For a sample at $t = T_s k + \Delta t$ and for a $\dot x(t)$ that doesn't change significantly over a span of $\Delta t$, $y_k$ is close to $y_k \simeq \mathbf C \left(x(T_s k) + \Delta t\ \dot x(T_s k)\right)$ or $$y_k \simeq \mathbf C \left(x(T_s k) + \Delta t\ \mathbf A_c\ x(T_s k)\right) \tag 2$$.

That condition on $\dot x(t)$ can be satisfied if the eigenvalues of $\mathbf A_c$ are significantly smaller than $\frac{1}{\Delta t}$.

So the effect of $\Delta t$ is multiplicative.

A good start on this, if your $\mathbf A_c$ meets the eigenvalue criterion above and if the pdf of $T_s$ is Gaussian with deviation $\sigma_{T_s}$, is to make an unscented Kalman, where everything is "normal" Kalman filtering except that at each step you compute $$\mathbf R_k = \mathbf R_m + \sigma_{T_s}^2 \mathbf C \mathbf A_c x_{k-1} x_{k-1}^T \mathbf A_c^T \mathbf C^T, \tag 3$$ where $\mathbf R_m$ is the "actual" measurement noise and $\sigma_{T_s}^2 \mathbf C \mathbf A_c x_{k-1} x_{k-1}^T \mathbf A_c^T \mathbf C^T$ is an estimate of the measurement noise added by the variation in the sampling time.

Note that you could, at the cost of longer settling times, just take $\mathbf R$ as constant, and equal to some worst-case version of (3) assuming an as-high-as-possible $\dot x(t)$. This would get you back to a plain-old Kalman though.

Suppose that Δtk is not distributed normally, and instead has an asymmetric distribution, possibly even pareto.

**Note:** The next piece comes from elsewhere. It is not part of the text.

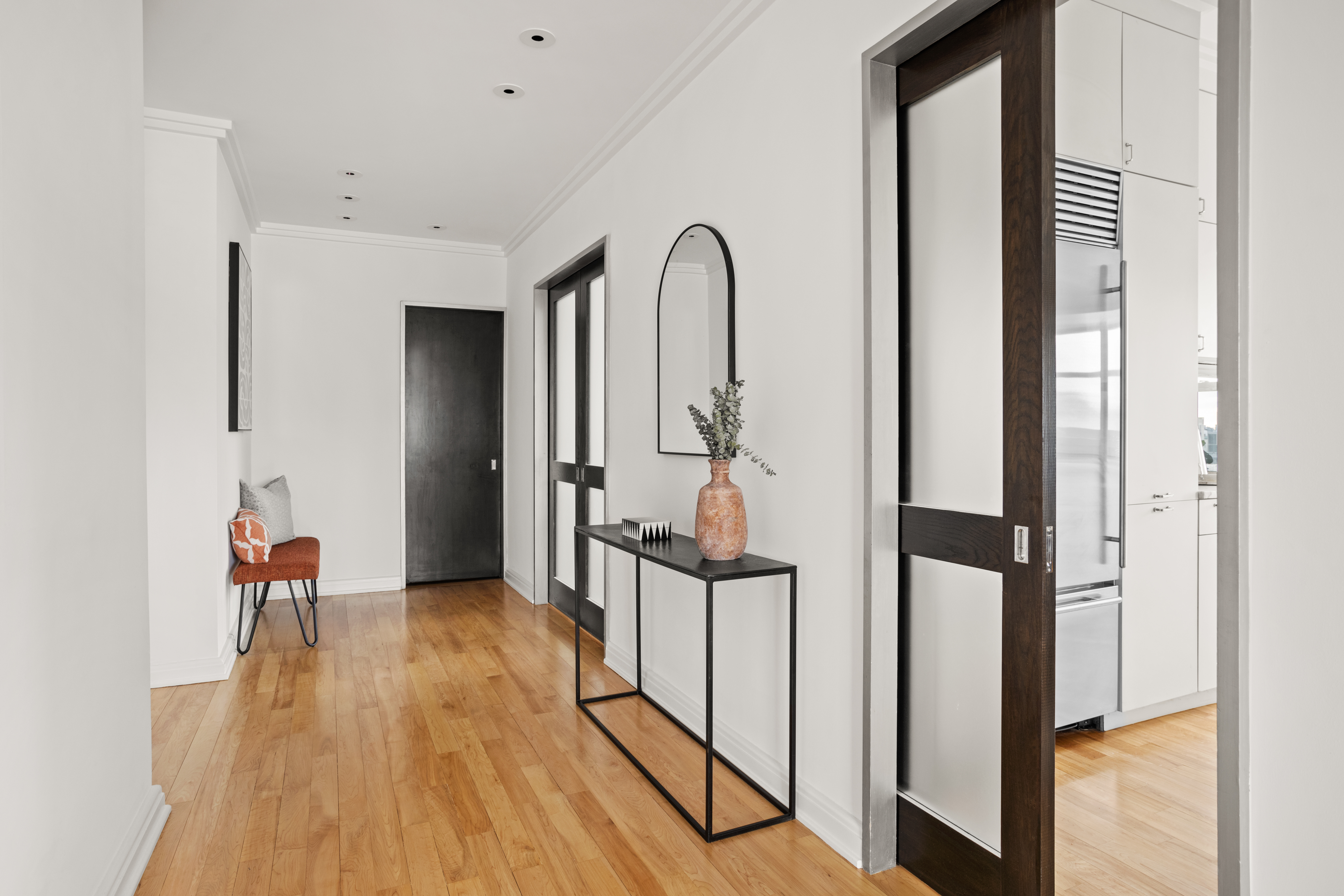 2 5th Avenue, Unit PHDF Manhattan, NY 10011 - Photo 5 of 24 a view of a hallway with wooden floor and furniture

Is there any way to account for this?

Yes, but. To the extent that the probability of $\dot x(t)$ changes much over the worst-case $\Delta t$, the approxmation in (2) holds -- it's just that the resulting measurement error has a distribution that's close to the distribution of $\Delta t$. However, you now have noise that's not just multiplicative, but which is non-Gaussian.

If your filtering is still close enough using a Gaussian assumption for your non-Gaussian noise, then (3) should still work. If not, then you'd have to go to something fancier, like Baysian filters or particle filters.